Give again, exactly and without pictures, the lines running from the line with "COPY - NWT Athleta" to the end of the records below.
--- Data to use Enclosed Below ---
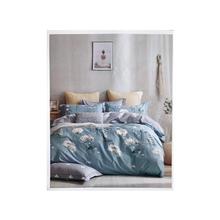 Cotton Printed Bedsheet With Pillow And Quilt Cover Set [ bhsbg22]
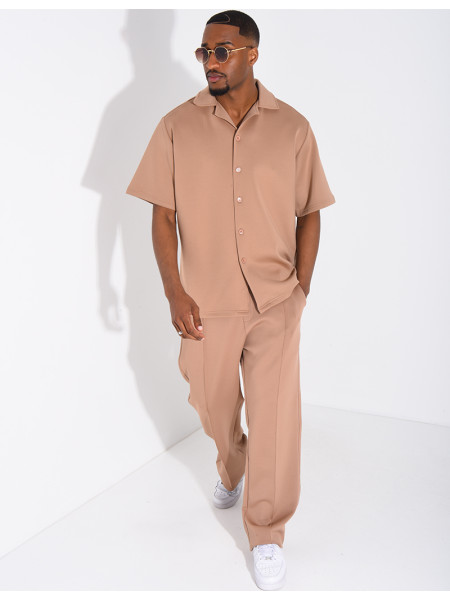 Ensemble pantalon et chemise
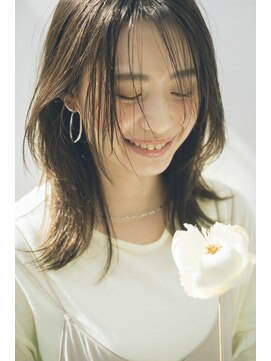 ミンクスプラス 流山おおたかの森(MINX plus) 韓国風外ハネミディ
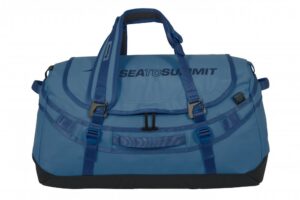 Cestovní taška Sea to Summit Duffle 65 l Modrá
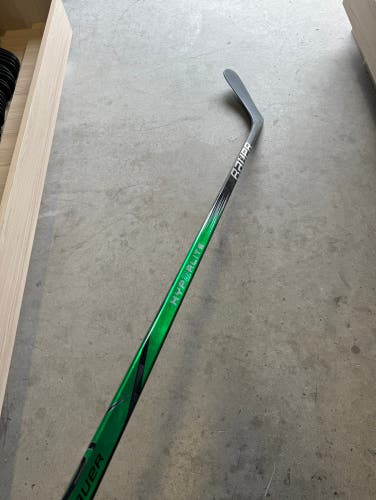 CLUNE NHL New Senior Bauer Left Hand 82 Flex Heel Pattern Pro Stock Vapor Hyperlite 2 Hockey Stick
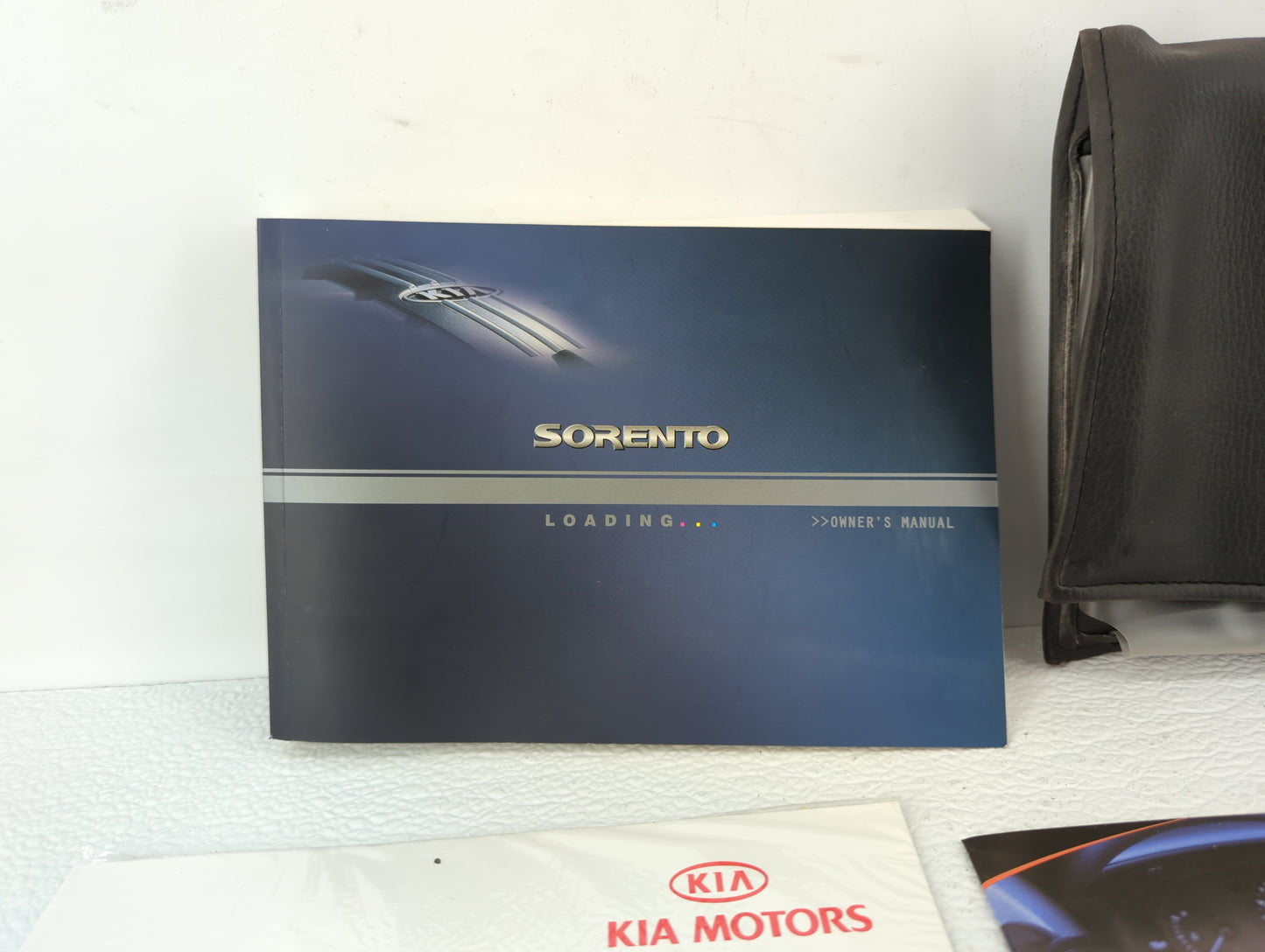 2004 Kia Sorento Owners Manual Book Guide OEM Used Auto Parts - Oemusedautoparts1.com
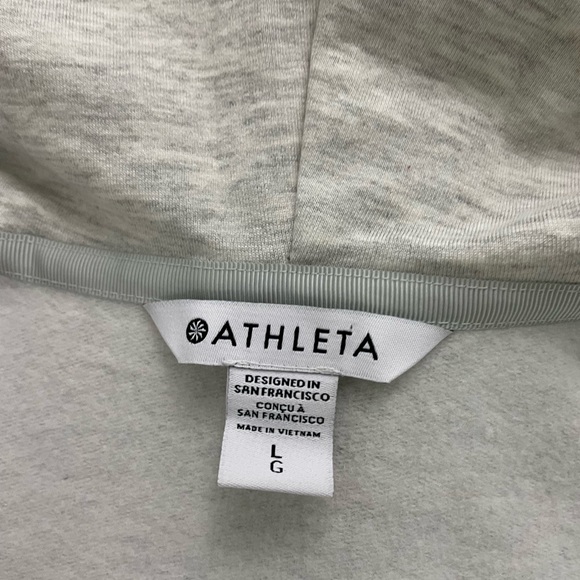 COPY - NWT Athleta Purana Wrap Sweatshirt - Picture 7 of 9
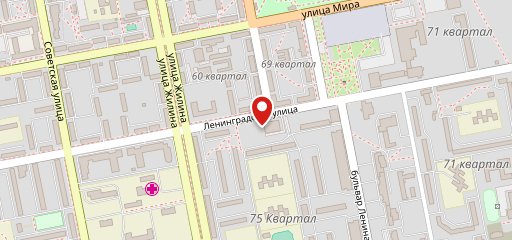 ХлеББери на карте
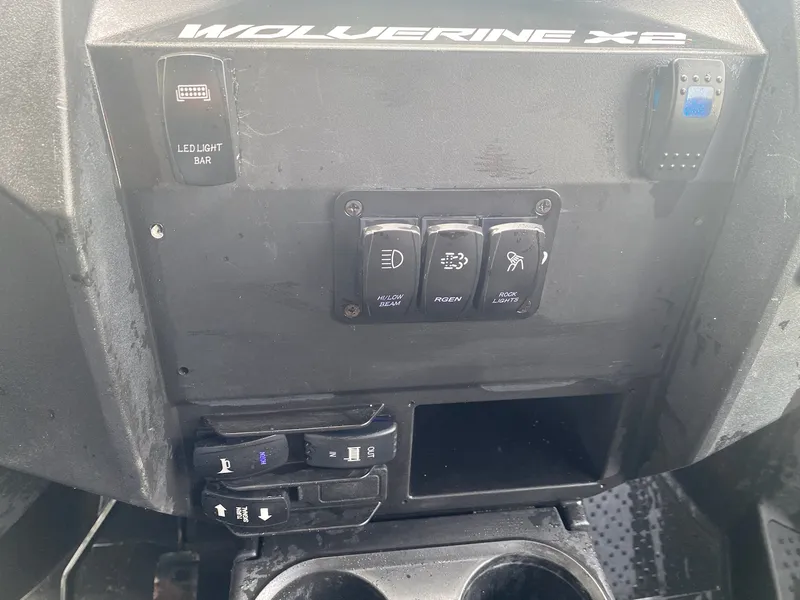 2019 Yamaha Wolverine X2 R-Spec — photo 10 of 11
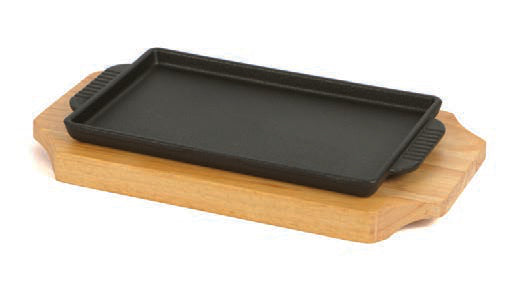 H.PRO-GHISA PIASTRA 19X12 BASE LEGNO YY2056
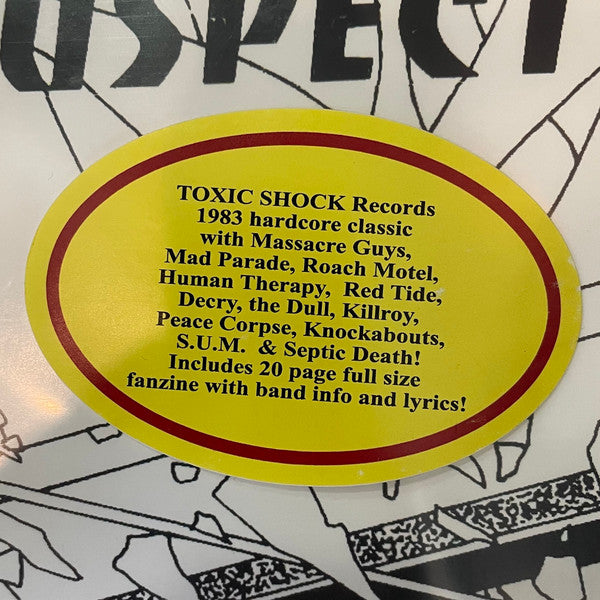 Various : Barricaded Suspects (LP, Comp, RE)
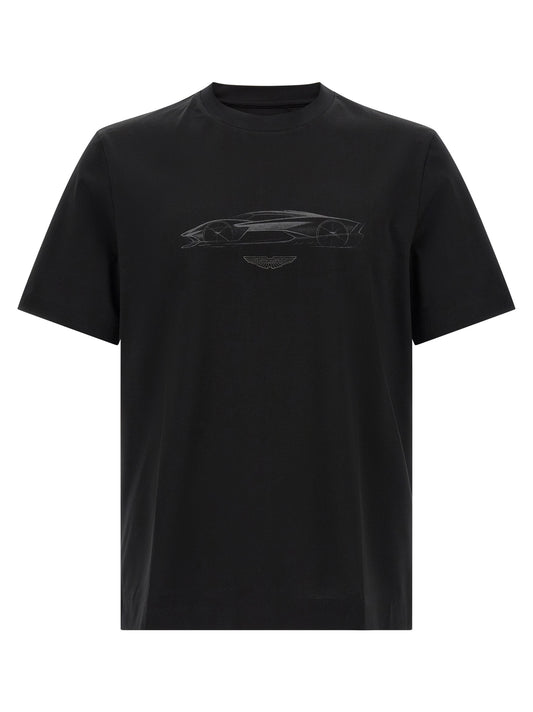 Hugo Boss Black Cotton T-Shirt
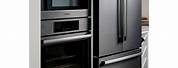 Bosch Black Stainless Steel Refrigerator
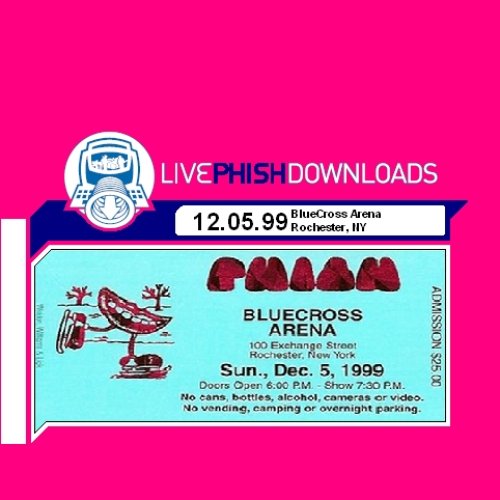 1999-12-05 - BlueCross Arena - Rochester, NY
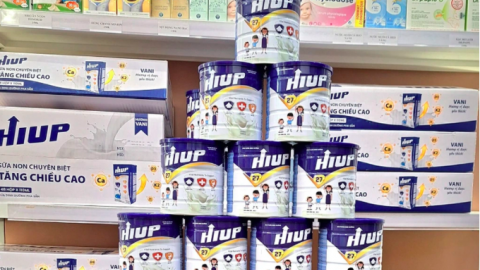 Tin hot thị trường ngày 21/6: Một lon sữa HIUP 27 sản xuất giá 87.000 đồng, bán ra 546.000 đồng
--- End of Enclosed Data to use ---
- _Your solution_
 COPY - NWT Athleta Purana Wrap Sweatshirt - Picture 7 of 9
 ХлеББери на карте
 2019 Yamaha Wolverine X2 R-Spec — photo 10 of 11
 H.PRO-GHISA PIASTRA 19X12 BASE LEGNO YY2056
 Various : Barricaded Suspects (LP, Comp, RE)
 Hugo Boss Black Cotton T-Shirt
 Bosch Black Stainless Steel Refrigerator
 1999-12-05 - BlueCross Arena - Rochester, NY
 Tin hot thị trường ngày 21/6: Một lon sữa HIUP 27 sản xuất giá 87.000 đồng, bán ra 546.000 đồng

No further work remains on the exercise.